This recipe for shortbread is exactly how my Grandma made them. Cut into shapes (using the cutters pictured), topped with half a glacé cherry.
I have always loved this recipe, and even though it’s not strictly a festive recipe, I find Christmas is when I most often think of it and want to make it.
Along with Pavlova (you can find my Grandma’s recipe for that here), these shortbread were my favourite thing Grandma made. I recall making them with her as a child, and eating the glacé cherries before they even made it on to the biscuits!
I even remember the last time she ever made them for me. I had an afternoon tea for my 21st birthday and Grandma asked what she could bring. I initially said she didn’t need to bring anything, but I could tell she was a little disappointed at that response.
I then thought of these biscuits and called her back and asked her to make them for my birthday.
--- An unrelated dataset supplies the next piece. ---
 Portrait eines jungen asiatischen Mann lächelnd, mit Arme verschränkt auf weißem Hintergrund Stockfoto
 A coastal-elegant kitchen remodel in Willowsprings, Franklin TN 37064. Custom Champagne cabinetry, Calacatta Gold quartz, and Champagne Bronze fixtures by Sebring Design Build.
I’m so glad I did, as even though that was a few years before she died, I don’t recall enjoying her shortbread again.
Now I make them, often at this time of year. I use the cutters she used, and the taste and smell of them reminds me of her. They are simple to make, yet super delicious. Even if you don’t have much time to bake over the holidays, give these a go as the few ingredients and little time needed culminate in the most comforting cheery biscuit.
If you like you can add the seeds of one vanilla bean or 1 tsp of vanilla extract or paste to the biscuit dough when you are mixing the butter and sugar together. I love using vanilla, but since my Grandma didn’t include it in her recipe I have left it out this time.
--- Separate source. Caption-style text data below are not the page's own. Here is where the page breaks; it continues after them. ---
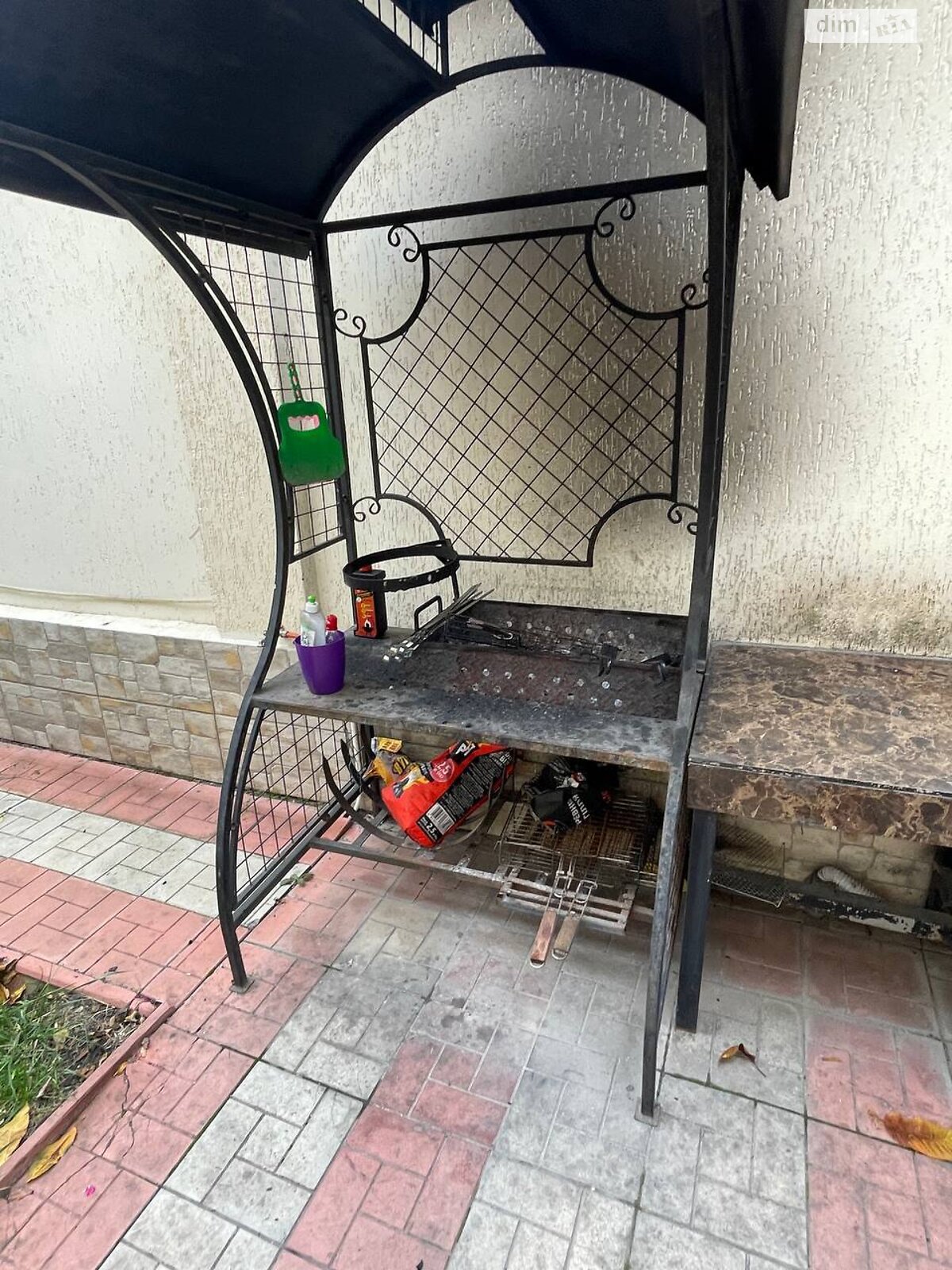 триповерхова частина будинку, 82 кв. м, цегла. Здається помісячно в Одесі, в районі Великий Фонтан фото 1 трипроверхова частина будинку, 82 кв. м, цегла. Здається помісячно в Одесі, в районі Великий Фонтан фото 1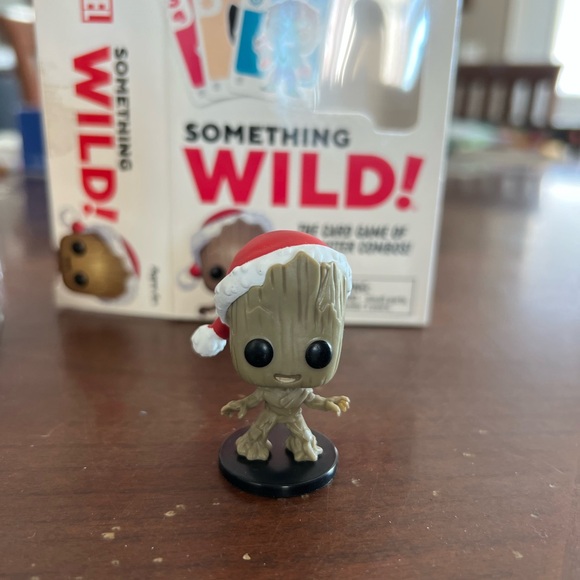 Funko Marvel Guardians of the Galaxy Holiday Baby Groot Something Wild Card Game - Picture 4 of 5
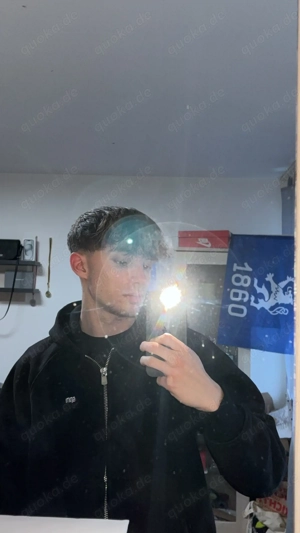 Junger Typ sucht nach einer aufregenden Frau für abwechslungsreiche Treffen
Christmas Shortbread Biscuits
Ingredients:
160g unsalted butter, softened (at room temp)
60g caster sugar
250g plain flour
14 red glacé cherries, approx.
Method:
Preheat oven to 150 degrees Celsius, and line two large baking trays with baking paper.
Place the butter and sugar in the bowl of the stand mixer and beat with the paddle attachment until well combined.
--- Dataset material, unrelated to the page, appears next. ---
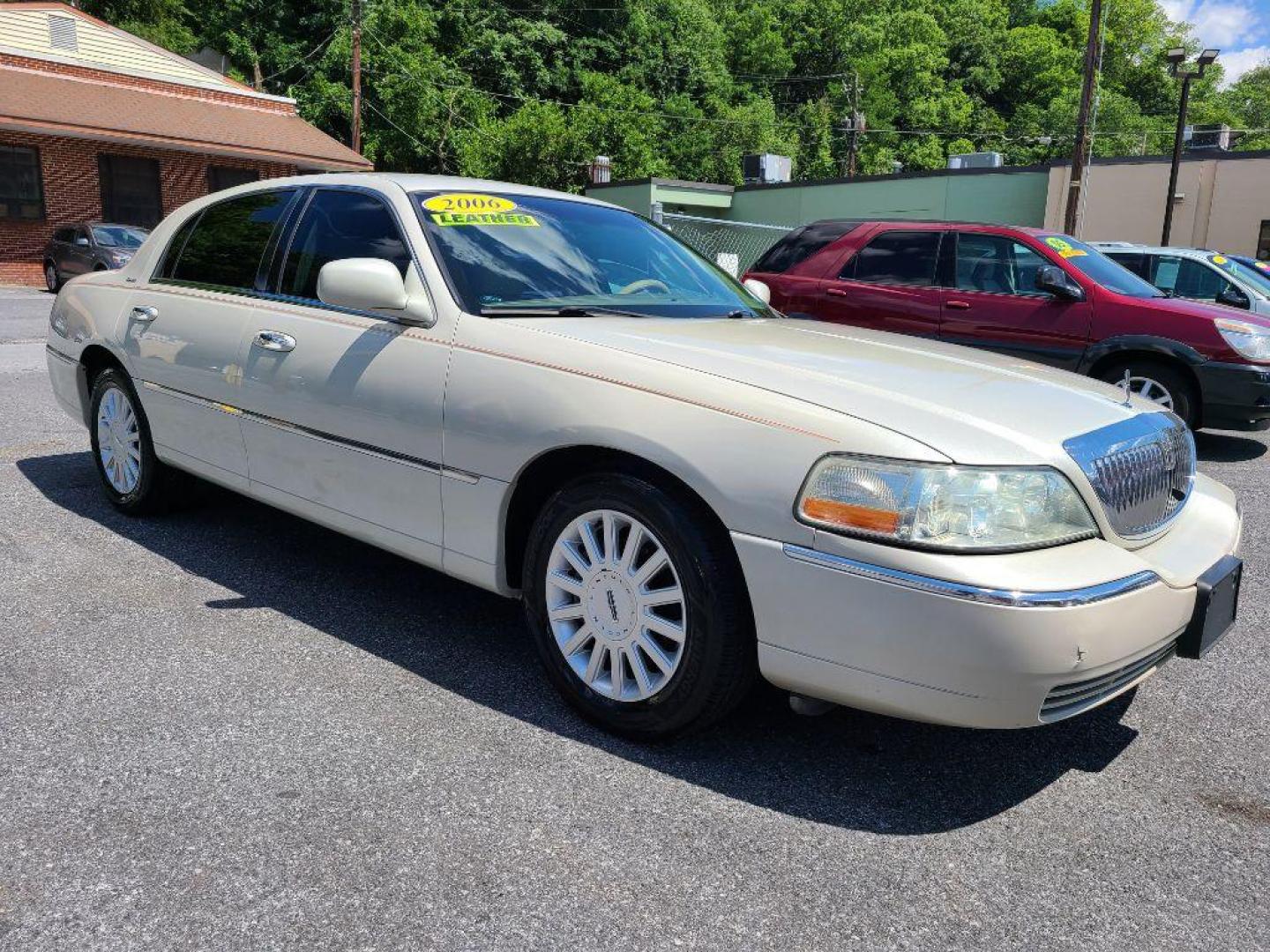 2005 WHITE LINCOLN TOWN CAR SIGNATURE (1LNHM81W65Y) with an 4.6L engine, Automatic transmission, located at 117 North Cameron Street, Harrisburg, PA, 17101, (717) 963-8962, 40.266762, -76.875259 - WE FINANCE!!! Good Credit/ Bad Credit/ No Credit - ALL Trade-Ins Welcomed!!! ***Guaranteed Credit Approval*** APPLY ONLINE or CALL us TODAY ;) Internet Prices and Marketplace Prices are SPECIAL discounted ***CASH DEALS*** Retail Prices are higher. Please call us to discuss your cash and finan - Photo#6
Add the flour and mix on low until a dough starts to form.
Lightly flour your work surface, and tip the dough out. Bring together with your hands then roll out with a rolling pin until it is about 2mm thick. Dust the top of the dough and the rolling pin with a little flour if the dough sticks to your rolling pin.
Cut out biscuits with a 6cm (approx.) biscuit cutter, and transfer to the prepared trays using a palette knife. Bring the scraps of dough together with your hands, roll out again and cut out more biscuits, repeat until the dough is all used up.
Cut the glacé cherries in half, and gently push half into the centre of each biscuit.
Bake for 15-20 minutes, turning the trays around halfway through to ensure even cooking.
The shortbread shouldn’t go very golden in the oven, they will be ready when the edges start to colour and if you gently check the underneath of one you can see it has cooked and is a little golden in colour.
Allow to cool on the trays or transfer to a wire rack.
Makes about 28 biscuits with a 6cm biscuit cutter, however it will depend on the size of the cutter you use.